> [What you have to do]: Do not repeat pictures. Repeat exactly the lines of the listing below from its first line through the line with "You are currently".
*** Opening Data provided ***
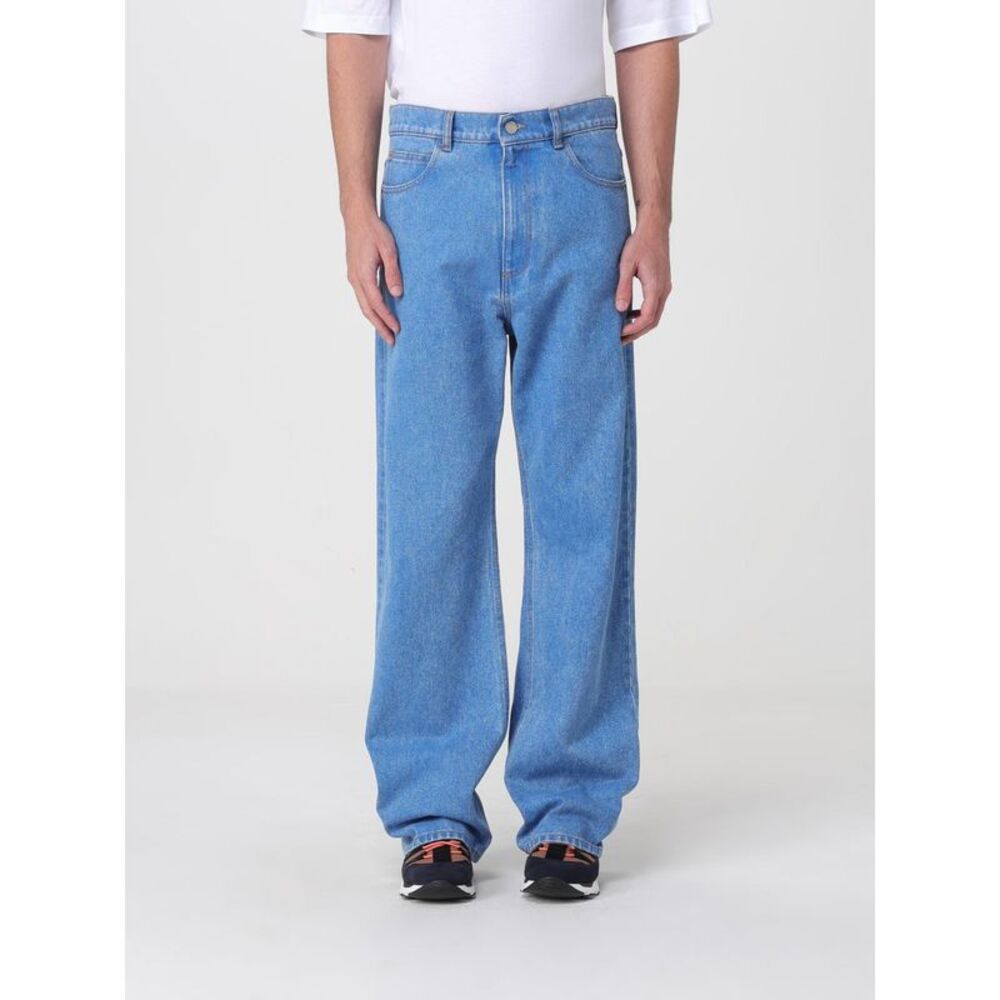 Marni Jeans Men Blue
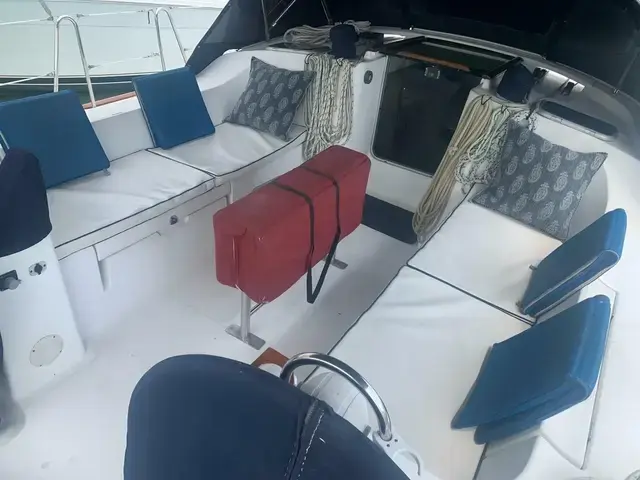 Beneteau Oceanis 473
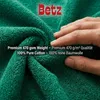 Betz 5-tlg. Handtuch-Set PREMIUM 1 Duschtuch 2 Handtücher 1 Produktbild-Vorschau 6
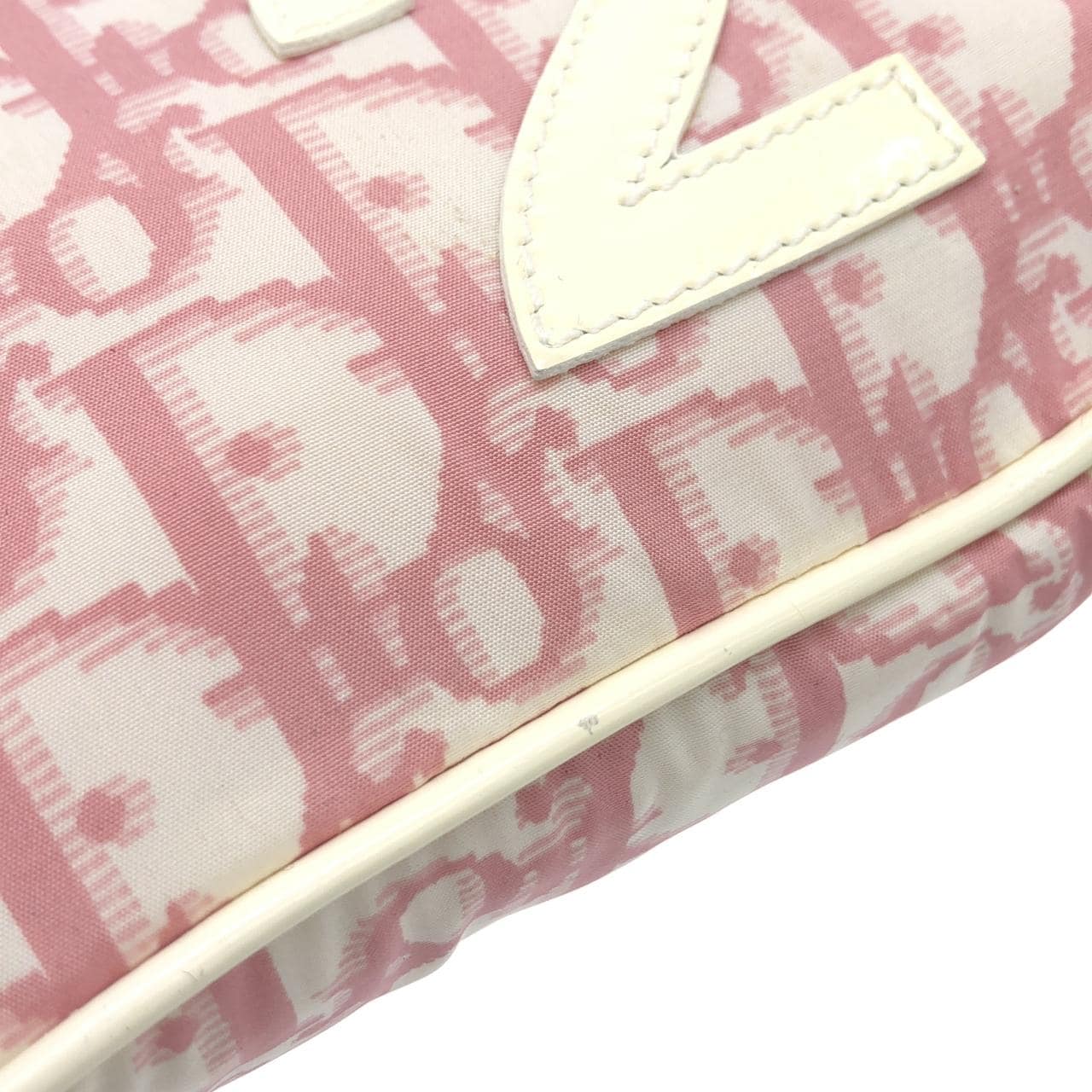 クリスチャンディオール ウエストバッグ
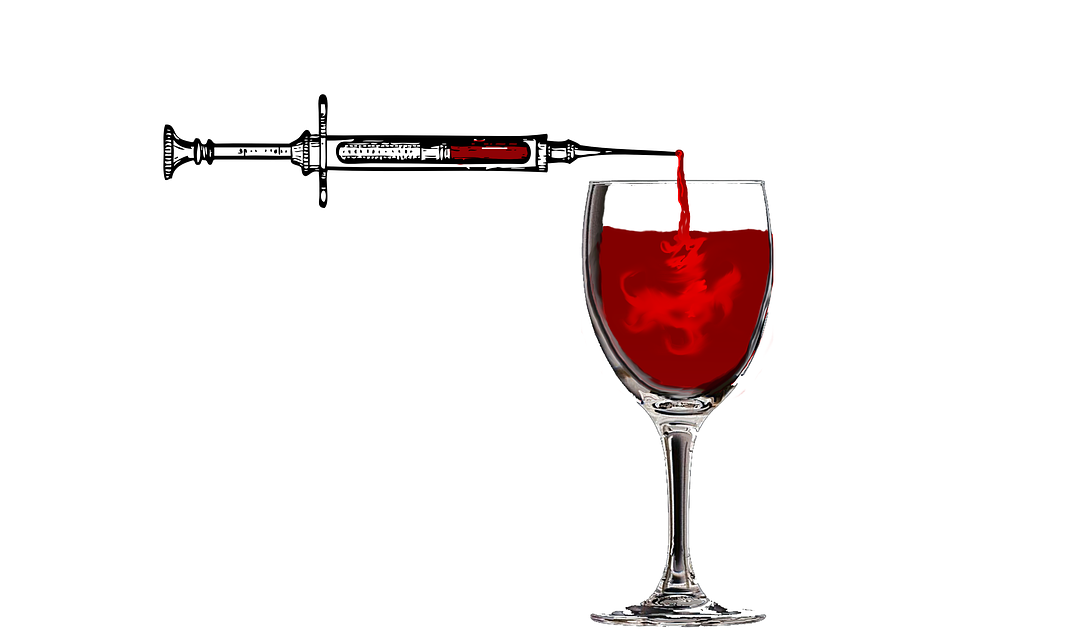 ROTEM in Trauma: Blood is thicker with Wine – Part 1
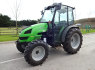 DEUTZ AGROKID 55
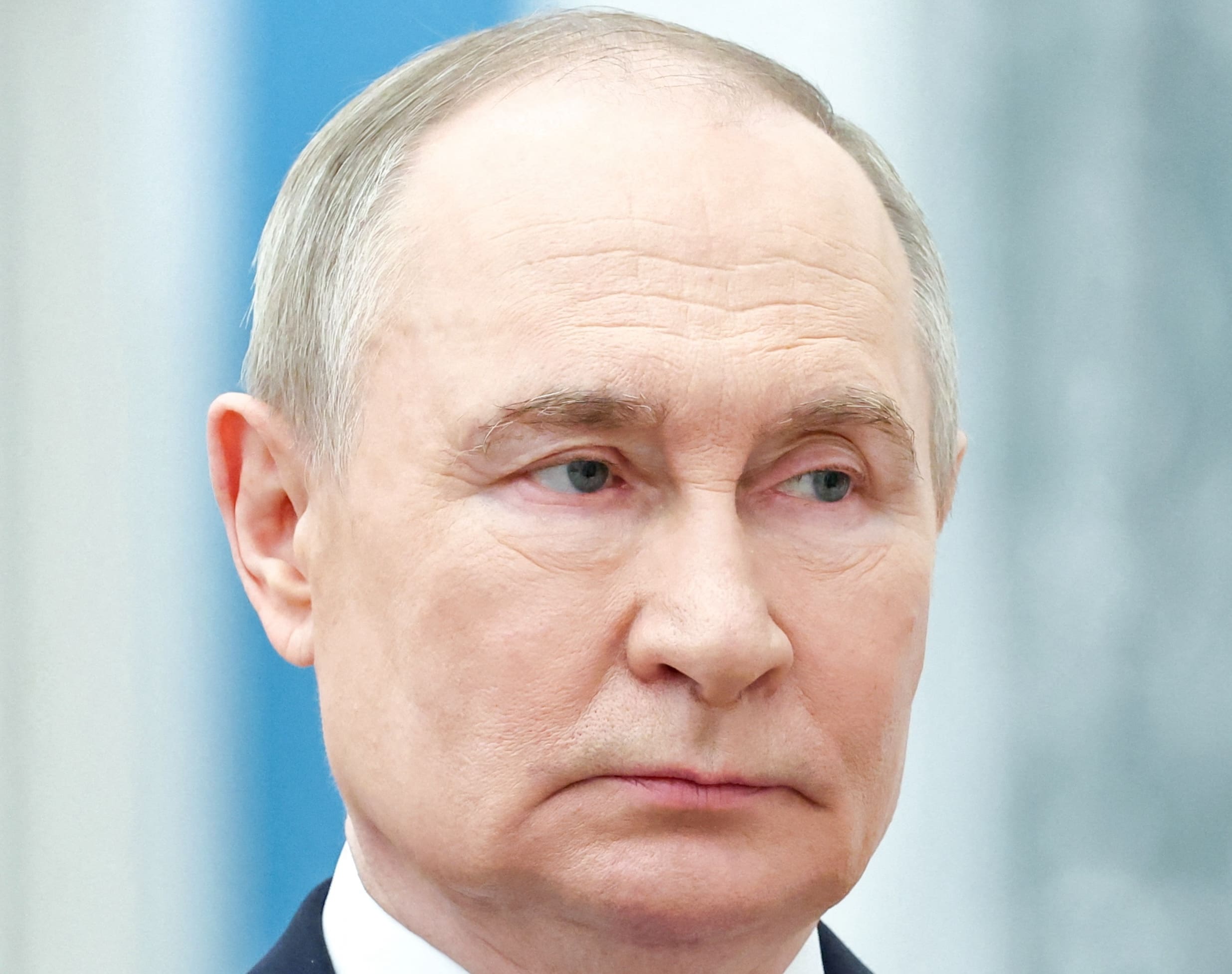 You are currently viewing Russie : Poutine affirme être « prêt » à une guerre avec l’Europe « si elle la commence »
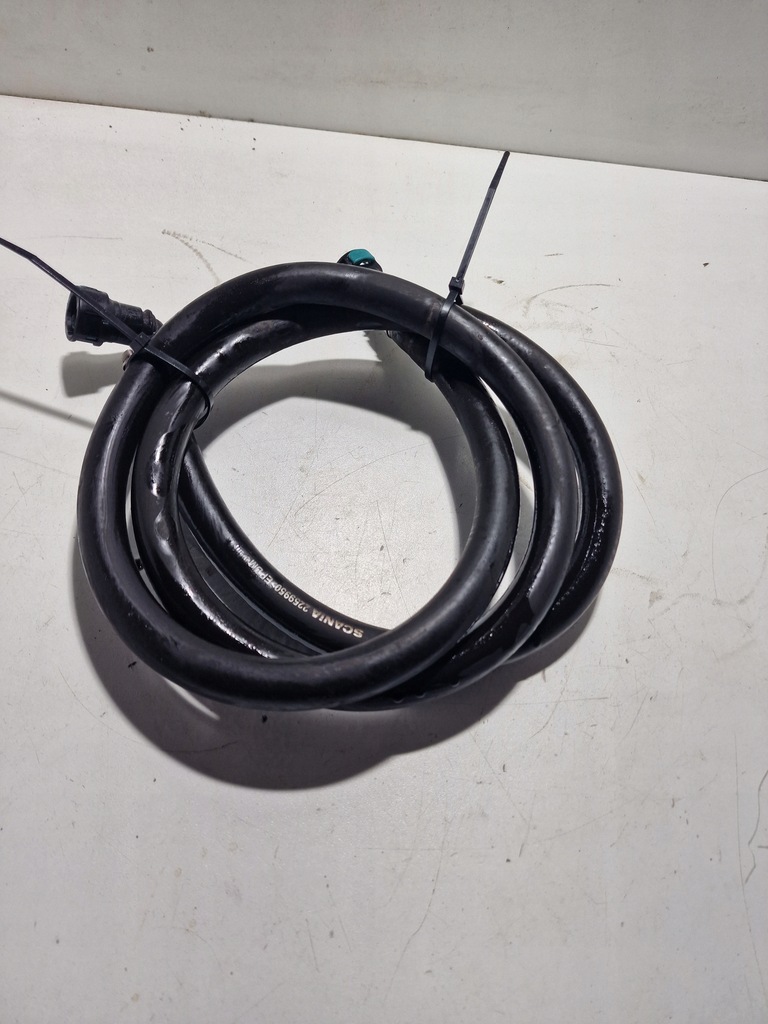 фото №1, Шланг дозатор нагрівач насос adblue scania r 2259950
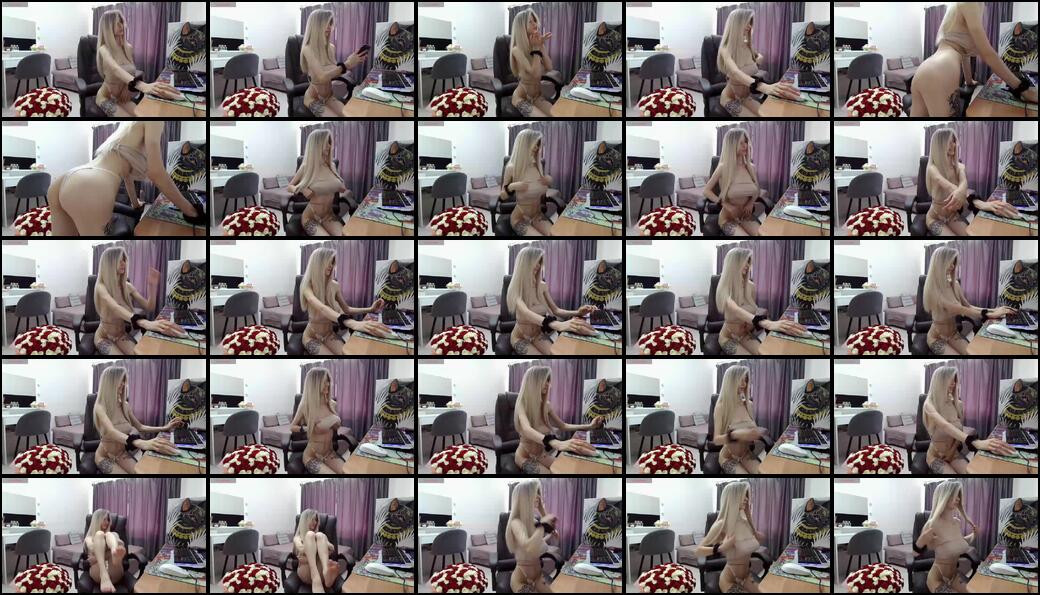 Tiffaannyy Webcam 2024-07-12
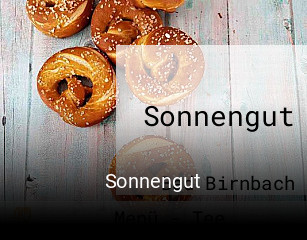 Sonnengut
*** Closing Data provided ***
> [Result below]:
 Marni Jeans Men Blue
 Beneteau Oceanis 473
 Betz 5-tlg. Handtuch-Set PREMIUM 1 Duschtuch 2 Handtücher 1 Produktbild-Vorschau 6
 クリスチャンディオール ウエストバッグ
 ROTEM in Trauma: Blood is thicker with Wine – Part 1
 DEUTZ AGROKID 55
 You are currently viewing Russie : Poutine affirme être « prêt » à une guerre avec l’Europe « si elle la commence »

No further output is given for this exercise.